SUPPLIED MATERIAL
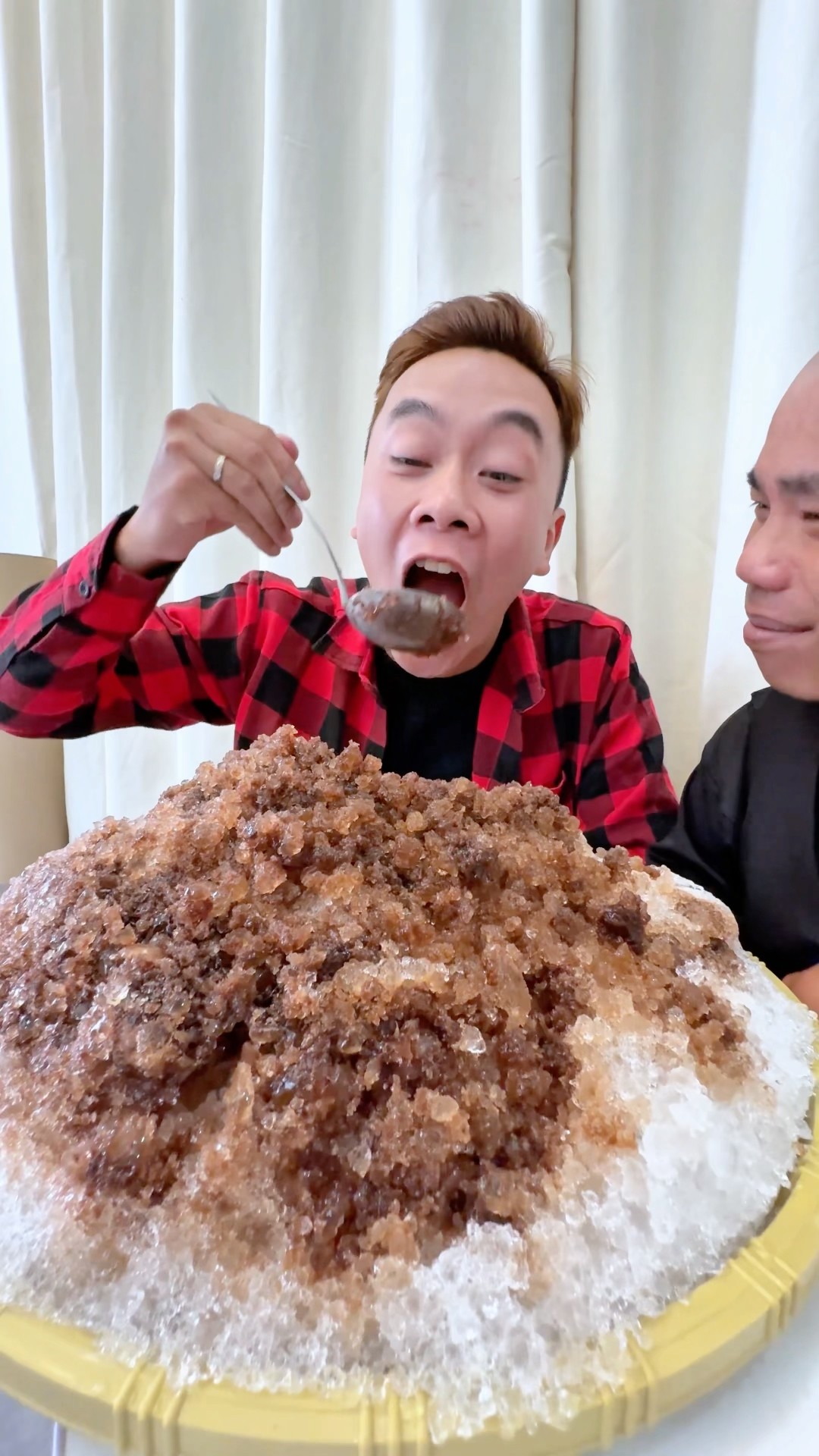 giant ice cream🤤巨大なアイスクリーム🤤 - YouTube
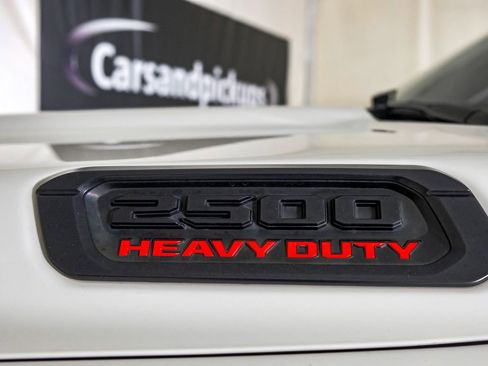 Used 2020 RAM 2500 Laramie image 44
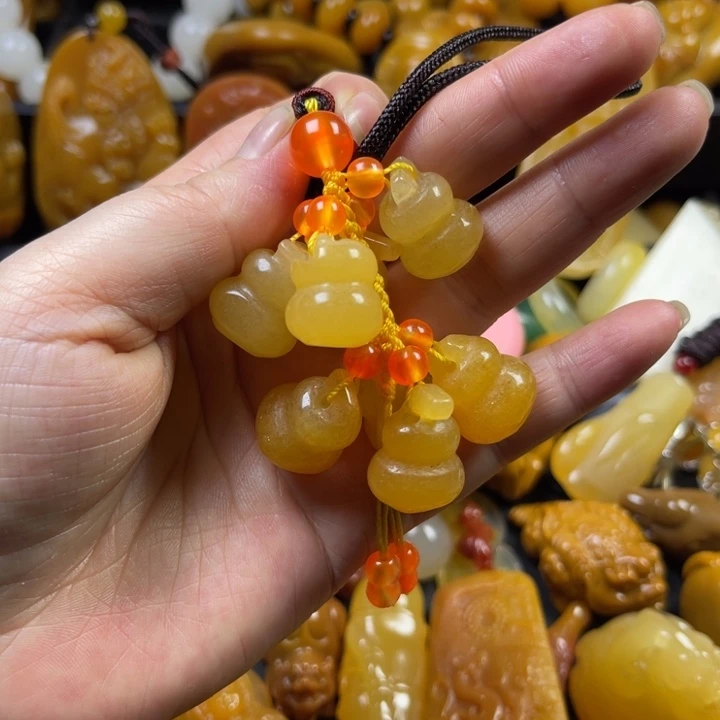 石英质玉未镶嵌吊坠(不含链)抖**尘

ABOUT THIS EXERCISE
The answer must be an exact copy of the lines from the one with "Used 2020 RAM 2500 Laramie image 44" through the final line above, both ends included, and nothing else; pictures stay out.

WRITTEN SOLUTION
 Used 2020 RAM 2500 Laramie image 44
 石英质玉未镶嵌吊坠(不含链)抖**尘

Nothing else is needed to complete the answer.